Solun düşünsel ufku

Sol siyasette güncelliği gözetmek, bu anlamda “reel politika” yapmak mı?

Örgütlü mücadele ve örgütün “sorunları” mı?

İkisine de “evet” ve “elbette” demek gerekir; yani bunlar yapılır, bunlarla ilgilenilir, uğraşılır. Başka türlüsü olamaz.

Gelgelelim, örgütlü mücadele içinde güncel politika yapanların da bir düşünsel ufku olmak zorundadır. Örgütlü siyaset söz konusu olduğunda bu ufuk kurgulanır, geliştirilir ve hep birlikte paylaşılır. 

Ufuk derken neyi kastediyoruz?

Ülkedeki güncel siyasetin akışına ilişkin okumaları, geliştirilen strateji ve taktikleri, ittifak kurgularını ve siyasal iktidar perspektifini birkaç adım geçin, ama John Lennon’un “Imagine”ına gelmeden arada bir yerde durun. Bu yere “ilk evre” diyebilirsiniz.  İktidar uğrağı ile belki daha “ütopik” denilebilecek kurgular arasındaki geniş gri alan olarak da tanımlayabilirsiniz.

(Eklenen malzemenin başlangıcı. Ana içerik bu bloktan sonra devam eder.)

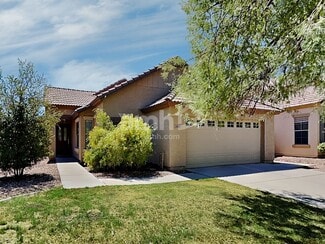 3861 E Ironhorse Ct, Gilbert, AZ 85297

Solun işte böyle bir ufku olmalıdır.

Bu ufuk, siyasal iktidar sonrasında “Nasıl bir Türkiye?” sorusunun kesin olmasa bile yanıt denemelerini de içermelidir. Daha açık olsun diye ekleyelim; örneğin kent, çevre sorunlarına nasıl yaklaşılacağına, sözgelimi turizm sektörünün nasıl düzenleneceğine ilişkin düşünce ve öneriler de bu ufkun birer parçası olmalıdır.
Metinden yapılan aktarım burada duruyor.